What the task requires:
Would you please return the lines of the entries below starting at the line that has "Generisch Painted Book" and ending at the line that has "Restaurant line cook resume", both included, exactly as they are?
*** Opening Data records ***
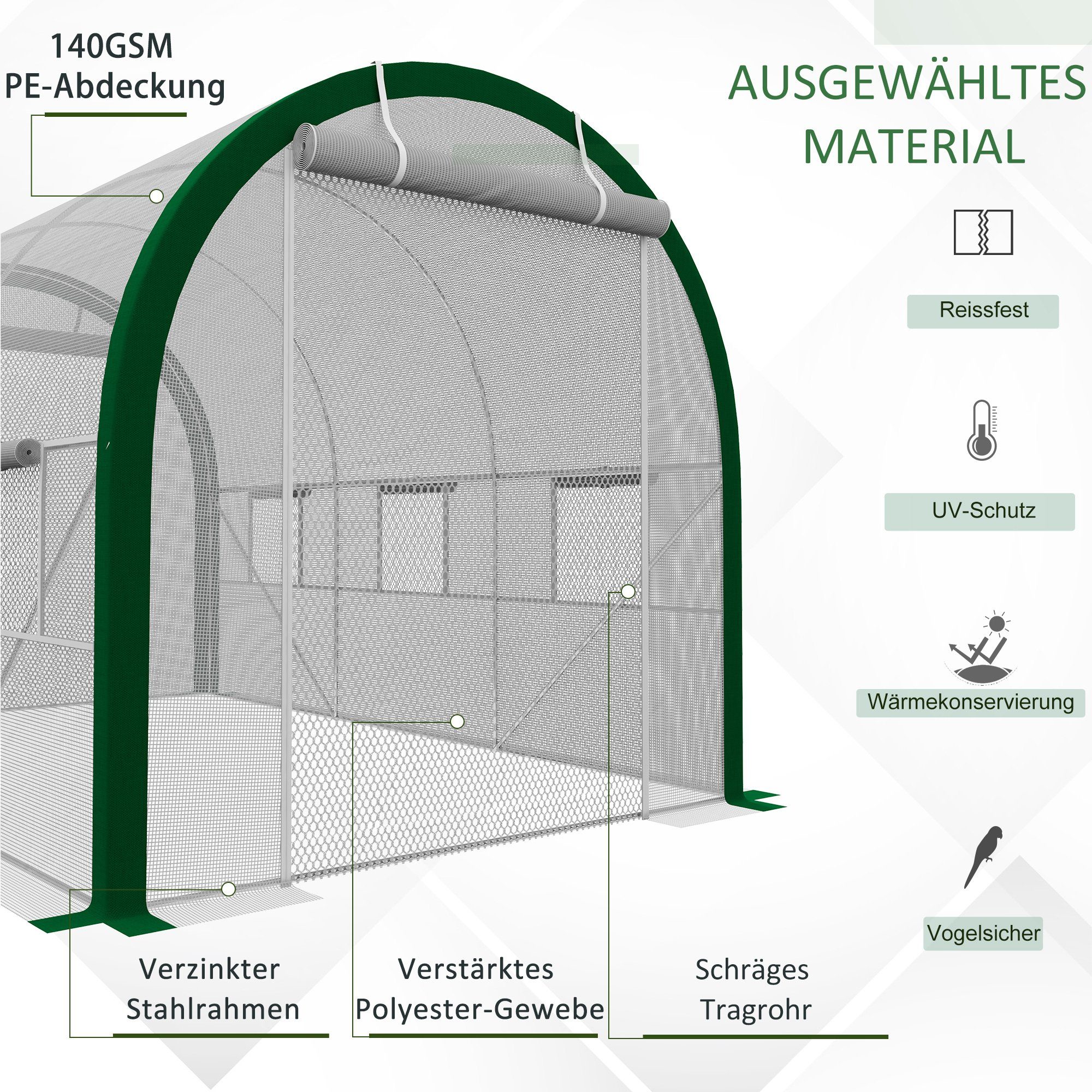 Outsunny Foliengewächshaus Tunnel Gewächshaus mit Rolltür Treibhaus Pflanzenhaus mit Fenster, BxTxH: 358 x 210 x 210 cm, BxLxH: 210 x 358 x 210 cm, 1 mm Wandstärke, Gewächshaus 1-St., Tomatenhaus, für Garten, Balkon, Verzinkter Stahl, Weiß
*** Closing Data records ***
*** Opening Data records ***
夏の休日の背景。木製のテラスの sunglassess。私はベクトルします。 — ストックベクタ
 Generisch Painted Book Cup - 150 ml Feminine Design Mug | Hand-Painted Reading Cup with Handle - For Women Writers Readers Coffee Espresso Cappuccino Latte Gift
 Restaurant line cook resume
*** Closing Data records ***
*** Opening Data records ***
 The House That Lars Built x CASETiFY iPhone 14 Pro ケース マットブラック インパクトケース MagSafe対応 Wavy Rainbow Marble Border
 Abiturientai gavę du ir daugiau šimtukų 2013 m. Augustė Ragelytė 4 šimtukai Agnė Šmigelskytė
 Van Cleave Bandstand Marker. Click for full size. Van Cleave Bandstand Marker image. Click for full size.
*** Closing Data records ***
Your response:
 Generisch Painted Book Cup - 150 ml Feminine Design Mug | Hand-Painted Reading Cup with Handle - For Women Writers Readers Coffee Espresso Cappuccino Latte Gift
 Restaurant line cook resume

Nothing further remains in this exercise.